I'm thinking of going on acquaintance terms.
Not friends with you anymore.
But I deserve it.

I crossed a line.
I shouldn't but I can't even aware of it.
What I said, wasn't like me.
Please believe me.
I want to apologize,
But my lack of confidence to face you,
Is making this impossible.

Even before I asked you,
You gave me a hug.
Something special, that'll never happen again.
I regret both.
I wish I never met you.
Turning the tables on me.
But what can I do for my revenge?
Nothing, absolutely nothing.
The only other option is to not be friends at all.

But when I thought of the worst,
I thought you were immature.
I'm not being fair, no.
I crossed a line.
A line of privacy, solitude.
Then with my naive self,
I asked for a hug and your reply was no.
I'm so sorry.

I think:
Oh, my life, and why it stayed this way?
How has it become this?
What went over me?
What was I thinking?
I never feel like myself anymore.
My energy drains,
Especially the next day,
Aftermath of something heartbreaking happening.

It's not a lie.
We must face the truth.
My freedom fantasy,
Won't feel the same further on.
Nothing will.
My mind blank and exhausted, fatigued.

The promise I made with you?
It was all a plastic, weak attempt,
Just to end up as preposterous, pretentious,
All in the long run?
You may not see it that way.
I wish that day in the heavy rain,
I could've walked slower.
But I have to go home.
What would I have known then?

I again understand, the saying
"Sorry can't save me now",
All at another perspective.
Today it really cant.
But this is all my fault.
But these emotions are extensive, endless.
I guess me saying we're no good for each other is true.
But it's all becoming worse.
This is only going to hurt if you tolerate it.

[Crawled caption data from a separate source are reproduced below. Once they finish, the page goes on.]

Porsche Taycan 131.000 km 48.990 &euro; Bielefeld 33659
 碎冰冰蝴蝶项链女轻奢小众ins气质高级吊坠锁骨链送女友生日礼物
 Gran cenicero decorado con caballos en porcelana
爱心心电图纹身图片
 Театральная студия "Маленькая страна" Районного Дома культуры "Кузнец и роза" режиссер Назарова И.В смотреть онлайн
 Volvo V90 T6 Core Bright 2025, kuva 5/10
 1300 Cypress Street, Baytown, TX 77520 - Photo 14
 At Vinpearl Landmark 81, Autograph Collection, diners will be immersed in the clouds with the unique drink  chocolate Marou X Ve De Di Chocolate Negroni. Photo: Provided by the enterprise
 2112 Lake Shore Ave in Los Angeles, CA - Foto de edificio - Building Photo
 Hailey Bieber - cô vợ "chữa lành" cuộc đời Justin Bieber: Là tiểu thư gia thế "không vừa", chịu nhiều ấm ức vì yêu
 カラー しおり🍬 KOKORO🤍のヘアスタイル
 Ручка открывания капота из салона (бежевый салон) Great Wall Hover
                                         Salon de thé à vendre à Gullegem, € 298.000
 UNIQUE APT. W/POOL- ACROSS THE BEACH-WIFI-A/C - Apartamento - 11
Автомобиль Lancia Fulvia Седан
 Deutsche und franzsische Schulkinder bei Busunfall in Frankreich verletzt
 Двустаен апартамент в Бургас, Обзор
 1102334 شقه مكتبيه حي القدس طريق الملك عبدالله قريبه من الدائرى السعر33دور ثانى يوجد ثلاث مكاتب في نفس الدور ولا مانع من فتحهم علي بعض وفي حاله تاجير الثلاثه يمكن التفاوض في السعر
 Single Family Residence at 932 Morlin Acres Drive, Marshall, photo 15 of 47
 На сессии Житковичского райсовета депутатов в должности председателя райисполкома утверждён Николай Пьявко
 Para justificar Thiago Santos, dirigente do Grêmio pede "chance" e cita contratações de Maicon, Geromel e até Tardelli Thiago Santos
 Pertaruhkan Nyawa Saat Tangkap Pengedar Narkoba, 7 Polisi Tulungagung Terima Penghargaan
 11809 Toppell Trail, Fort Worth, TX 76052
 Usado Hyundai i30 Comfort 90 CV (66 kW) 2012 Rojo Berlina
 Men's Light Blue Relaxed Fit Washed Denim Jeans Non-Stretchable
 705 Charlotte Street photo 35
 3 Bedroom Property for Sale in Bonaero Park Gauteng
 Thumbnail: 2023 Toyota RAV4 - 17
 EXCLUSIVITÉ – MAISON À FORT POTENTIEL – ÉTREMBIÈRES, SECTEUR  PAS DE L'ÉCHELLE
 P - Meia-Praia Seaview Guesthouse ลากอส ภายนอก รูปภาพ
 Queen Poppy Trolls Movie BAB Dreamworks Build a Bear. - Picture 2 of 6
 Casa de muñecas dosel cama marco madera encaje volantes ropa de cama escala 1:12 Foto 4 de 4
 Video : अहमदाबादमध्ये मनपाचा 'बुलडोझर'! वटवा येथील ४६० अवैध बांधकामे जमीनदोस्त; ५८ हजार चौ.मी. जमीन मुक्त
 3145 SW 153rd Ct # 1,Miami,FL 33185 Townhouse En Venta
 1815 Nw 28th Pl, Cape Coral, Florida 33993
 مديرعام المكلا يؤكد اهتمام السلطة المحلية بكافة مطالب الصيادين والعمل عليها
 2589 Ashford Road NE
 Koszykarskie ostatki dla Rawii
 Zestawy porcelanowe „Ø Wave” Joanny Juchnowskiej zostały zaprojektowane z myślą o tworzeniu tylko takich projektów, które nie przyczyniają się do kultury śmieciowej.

But I did something I shouldn't.
I crossed an important boundary.
Nothing is something satisfactory,
Than not developing our relationship reasonably better.
Like saying our goodbyes.
But that day was not conclusive.

Then I guess you're right,
" Let's just leave it in the past".
We must let each other go.
You already did, I need to now.
We have to let this day go you know.
And there's no lie between us,
Of something usual, heartbreak.
Especially if it end back to you.

Even if life subtly tells us,
The real truth clenches the barrier,
Then forces me to let go.
As it forces, you le me go in the worst way.
Now I have to go, so do you.
Then I'm all alone in my mind again.
But I ain't even holding a lie.

I can never, now.
But this might not be our last.
So goodbye, I love you.
(Do you forgive me?)

12.7.19. . 4.22.20.

"It was a plastic, weak attempt, to end up preposterous, pretentious" - it was a preposterous attempt to win his heart. I think he saw it as pretentious, and I saw it as preposterous. But that was only the day I messed up.

Credit to Billie Eilish "Sorry can't save me now". This line inspired me to elaborate and connect it with my personal experiences.